UNITED STATES ex rel. Franklin E. ATKINSON, Petitioner,
Colonel William J. E. KISH, Commandant, Branch United States Disciplinary Barracks, New Cumberland, Pennsylvania, Respondent

The opinion of the court was delivered by: FOLLMER

This is an application for a writ of habeas corpus by Franklin E. Atkinson, a prisoner serving a sentence by a general court-martial. Petitioner contends:

(a) that the court-martial lacked jurisdiction over the offense of larceny, for which he was convicted, since it was committed prior to his discharge and reenlistment on May 22, 1956;

 (b) that he was denied the effective assistance of counsel because his counsel failed to place evidence on the German law of liens before the court-martial.

 The record of the court-martial was introduced into evidence.

 The facts on which the parties are in substantial agreement are as follows: petitioner initially enlisted in the United States Army on October 4, 1948, and served therein for three years until his discharge therefrom in the grade of Private First Class on October 3, 1951. He reenlisted in the Regular Army on the following day, October 4, 1951, in the grade of Corporal for a period of six years. This six year enlistment would not normally have expired until October 3, 1957. The petitioner while still serving in this enlistment with the United States Army in Straubing, Germany, applied for immediate reenlistment in the Regular Army for another six year period under the provisions of Army Regulations 635-205, Department of the Army, dated April 2, 1956. *fn1" Pursuant to his application and in accordance with the above-cited Army Regulations, petitioner was discharged for the convenience of the Government on May 21, 1956 and immediately reenlisted the following day, May 22, 1956, for a period of six years service.

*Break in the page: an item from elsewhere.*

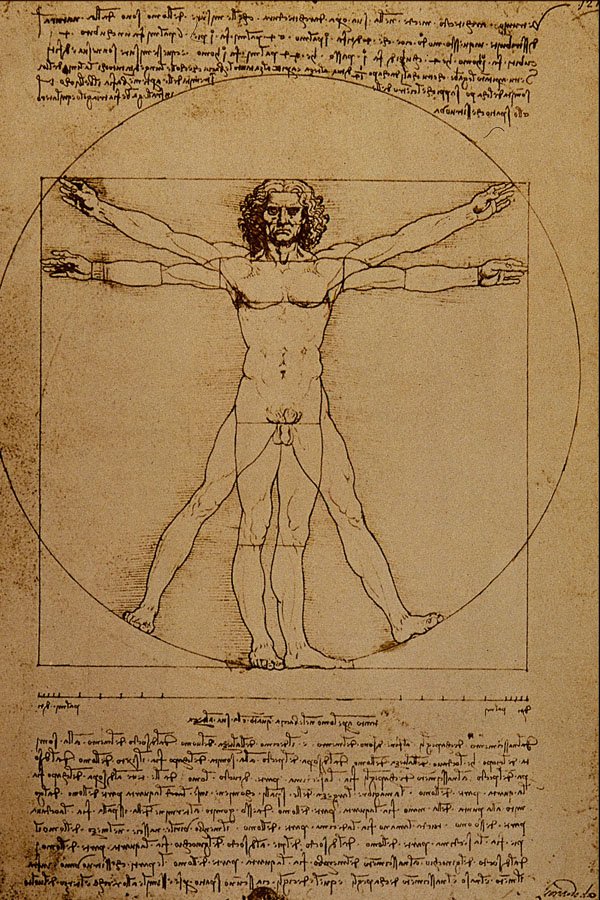 501085 Studio Del Corpo Umano , Leonardo Da Vinci A4 Photo Print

 Respondent claims that in compliance with the said Army Regulations the discharge certificate was not delivered to petitioner until the oath was administered and the reenlistment thereby effected on May 22, 1956. Petitioner claims that he received his honorable discharge certificate on May 21, 1956.

 While serving in his last enlistment, as aforesaid, in the grade of Sergeant, petitioner was arraigned before a general court-martial convened at Munich, Germany, on July 10, 1957, on offenses of larceny of $ 975, in military payment certificate, the property of Sergeant Warren M. Sager, in violation of Article 121, Uniform Code of Military Justice (Act of May 5, 1950, 81st Congress, c. 169, § 1, 64 Stat. 108, 50 U.S.C. (Chap. 22) §§ 551-736, 1952 Edition); *fn2" dishonorable failure to pay a debt in the amount of $ 465, owed to Courtland Corporation, Tangiers, North Africa, in violation of Article 134, Uniform Code of Military Justice (10 U.S.C. 934), and two offenses of making false official statements, with intent to deceive, in violation of Article 107, Uniform Code of Military Justice (10 U.S.C. 907). The larceny offense was alleged to have been committed on May 2, 1955, which date was prior to his discharge and reenlistment on May 22, 1956. At the outset of the trial and prior to arraignment petitioner introduced a civilian attorney with offices in the City of Munich, Germany, *fn3" and another attorney serving as an enlisted man in the Army and requested that they defend him before the court-martial in lieu of the regularly appointed military defense counsel. Accordingly, pursuant to petitioner's request the regularly appointed military defense counsel was excused from further participation in the trial and the attorneys of his own choice, each of whom possessed the legal qualifications listed in Article 27(b), Uniform Code of Military Justice (10 U.S.C. § 827(b)), represented him throughout the trial. *fn4" At the arraignment petitioner pleaded not guilty to all the charges. On July 12, 1957, the general court-martial found petitioner guilty of all offenses charged and sentenced him to be dishonorably discharged from the services, forfeiture of all pay and allowances, and confinement at hard labor for five years. *fn5"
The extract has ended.